As programmers, we can recognise that debugging a proof under the twentieth century mathematical regime is very much like debugging a program: "failures are localized" and so, with disciplined reasoning, "they can usually be identified and fixed". Twentieth century methods are "error-displaying", in the sense that if a mathematical argument produces a false conclusion, then it will be possible to find the error, because the error will be in the mis-application of some rule. Mistakes happen; potential proofs usually have errors, in the same way that programs, when first written, usually have bugs. But if the steps of a proof are set out in precise detail (similar to the precise detail you need in a computer program) then you will always be able to find exactly where a rule was broken. This in turn will often suggest an alternative approach or a fix that will mend the proof.
(And of course, another link with computing is that it's one thing to define a system of rules, it's another thing to be sure of applying them completely reliably, with no mistakes. How can you construct social and physical systems which guarantee this, given only fallible humans and unreliable physical artifacts? Nothing in the real world is perfect. What custom and technique could in practice guarantee complete reliability? Mathematicians have worked out their own answers to that question, but that question is exactly the concern of computer science! That question calls forth all of computer science from low-level machine design, through compilers, operating systems, programming and interaction design, to psychology and organisation theory. It is scarcely co-incidence that the mathematicians John von Neumann and Alan Turing were computer pioneers. They wanted to see their method embodied in machinery.)
So, standard practice in modern "core" mathematics revolves around systems of formal rules and the completely reliable conclusions that people can draw from them. What about mathematics education? In what sense is it still using nineteenth century methods and why exactly is that bad?

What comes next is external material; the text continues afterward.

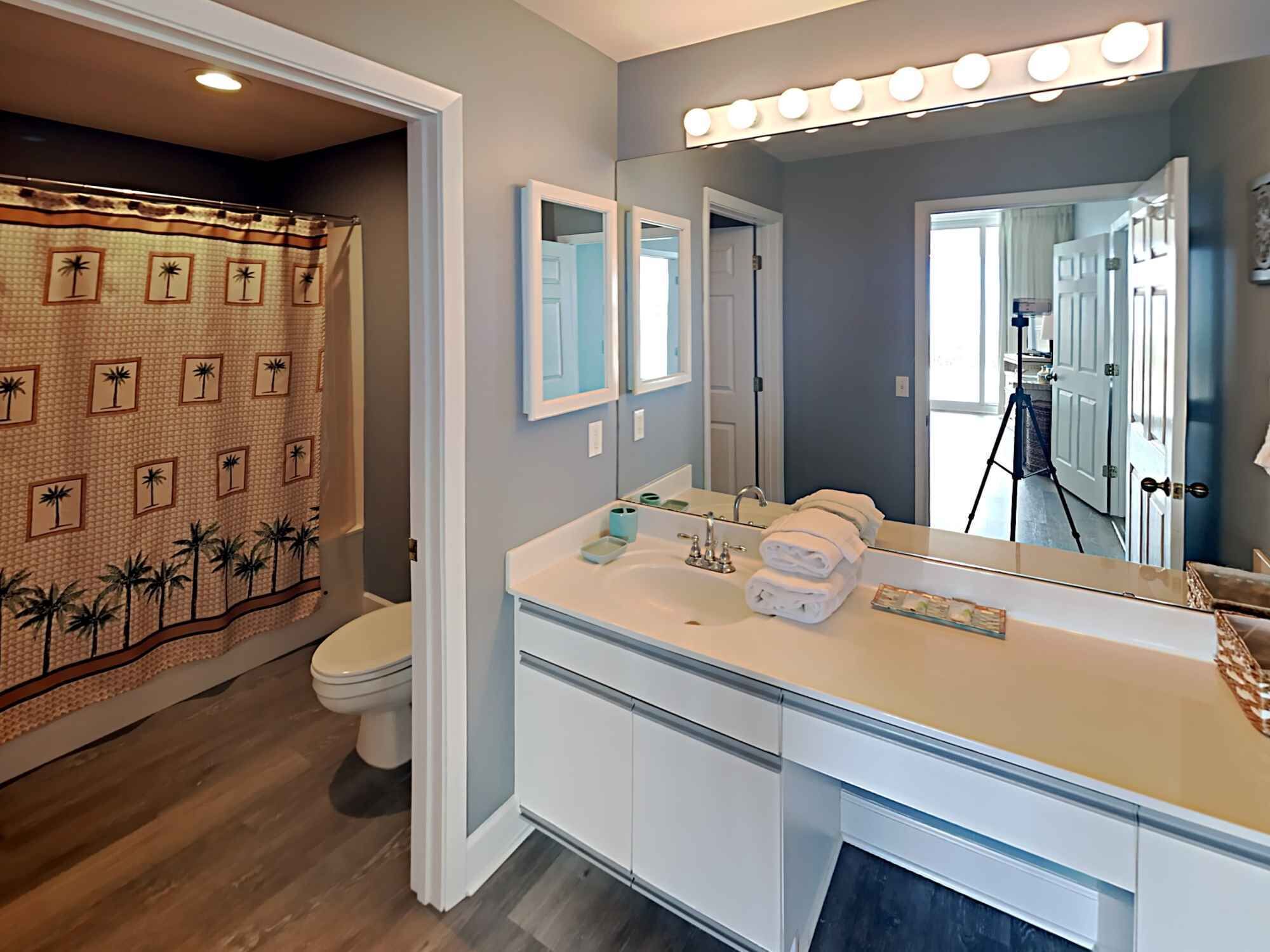 Une salle de bain équipée d’un meuble-lavabo, de toilettes et d’un rideau de douche orné de motifs de palmiers.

With nineteenth century methods intuition is key, and mathematics education has concentrated on intuitive understanding first and skill at applying formal rules second (or never). One problem with this is that correct intuition in mathematics comes from working with rules and internalising them. Trying to hand students an intuition first is very dangerous, because they will often often get the wrong intuition, or just be confused. And confusion is perhaps the better outcome, because intuitions once gained can be very hard to change. Quinn cites Do naïve theories ever go away? by Dunbar et al. (in Thinking with Data: 33rd Carnegie Symposium on Cognition, Ed. Lovett and Shah, 2007). The problem is that subsequent learning doesn't seem to actually correct an earlier misunderstanding, it only modifies the misunderstanding: "even when conceptual change appears to have taken place, students still have access to the old naïve theories and ... these theories appear to be actively inhibited rather than reorganized and absorbed into the new theory" (Dunbar et al., 2007, p.202). A bad intuition is dangerous because it is so sticky and difficult to change.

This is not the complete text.